Entry Date:
January 26, 2006

Movement Primitives and Human Arm Movements


Velocity profiles of voluntary unconstrained human arm movements under some conditions, e.g., during accurate movements, are irregular. Specifically, the velocity profiles of the hand paths (Vt) exhibit fluctuations from the typical bell-shaped profile. What is the nature of such fluctuations? Do these fluctuations reveal anything about the nature of the controller of human arm movements?

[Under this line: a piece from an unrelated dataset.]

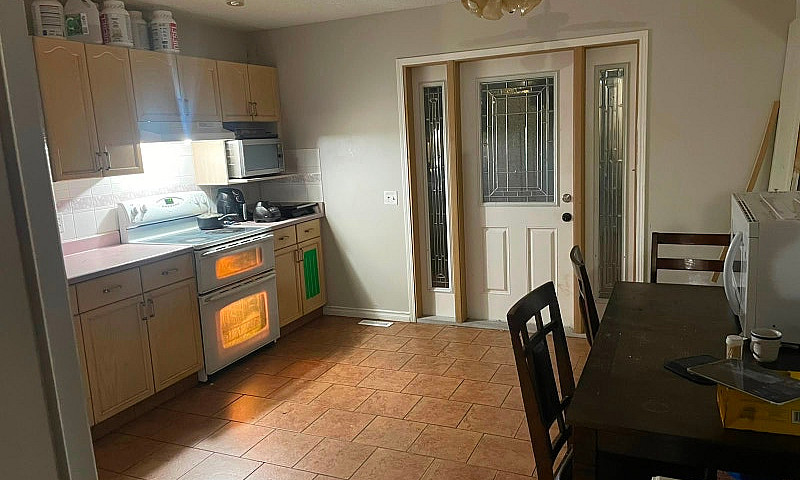 Room For Rent (Furni...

We recorded the hand path trajectories of 4 unimpaired subjects with a low-impedance planar robot (InMotion2 Inc, Cambridge MA). Subjects performed 300 point-to-point movements at 3 different self-paced speeds (fast, comfortable, slow with peak Vt: 0.40±0.09, 0.16±0.08, 0.07±0.03 m/s, respectively) along the horizontal plane.

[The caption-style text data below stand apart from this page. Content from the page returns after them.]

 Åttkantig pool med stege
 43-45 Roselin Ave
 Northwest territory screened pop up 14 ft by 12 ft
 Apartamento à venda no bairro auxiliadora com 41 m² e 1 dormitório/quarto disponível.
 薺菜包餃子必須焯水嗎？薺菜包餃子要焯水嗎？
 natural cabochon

We found that the irregularity of Vt profiles increased as movement speed decreased. We described the Vt profiles as combinations of overlapping support-bounded lognormal discrete elementary units of movements (submovements). A typical speed profiles at fast (top) comfortable (middle) and slow (bottom) speed and the corresponding submovement decomposition can be shown. The number of submovements increased as movement speed decreased (1.62±0.56, 2.35±0.75, 3.96±1.15 for the different speeds respectively, p<0.001). Their parameters were modulated to reconstruct the Vt profiles and were similar across subjects.

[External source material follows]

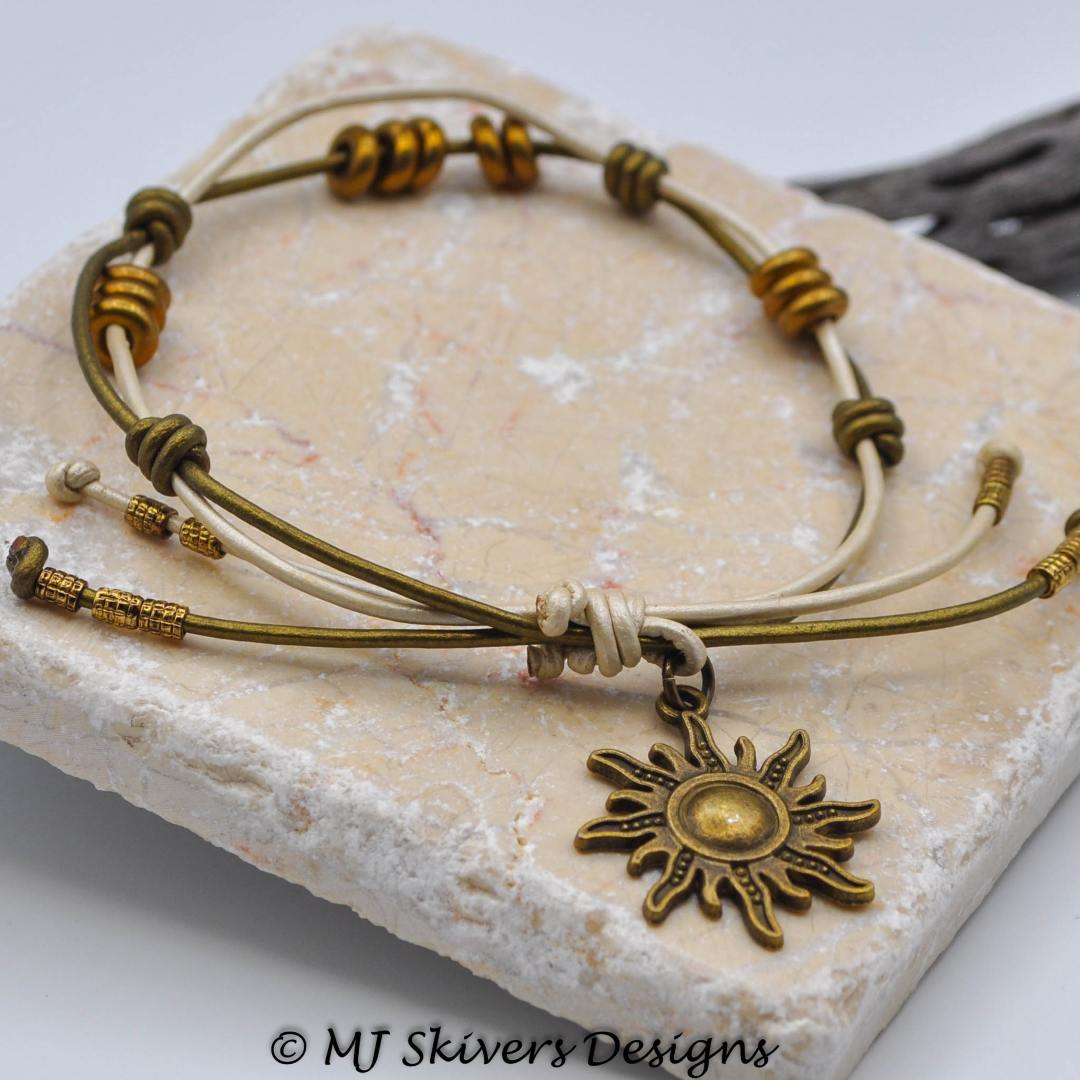 Two-tone Barrel Knot Leather Bracelet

We suggest the possibility that the occurrence of irregularity in Vt profiles is a by-product of the way human arm movements are generated, i.e., through submovements. Further evidence of this hypothesis is suggested by the apparent inconsistency of this experimental data with the theoretical predictions of alternative hypotheses proposed, during the past few years, to explain human arm movement irregularity.

Specifically, this data appears to be inconsistent with hypotheses that arm movements become irregular when signals generated by a time-continuous controller are degraded either by noise (Gaussian constant or signal-dependent) present in the neuromuscular system or by the mechanics of the musculoskeletal system.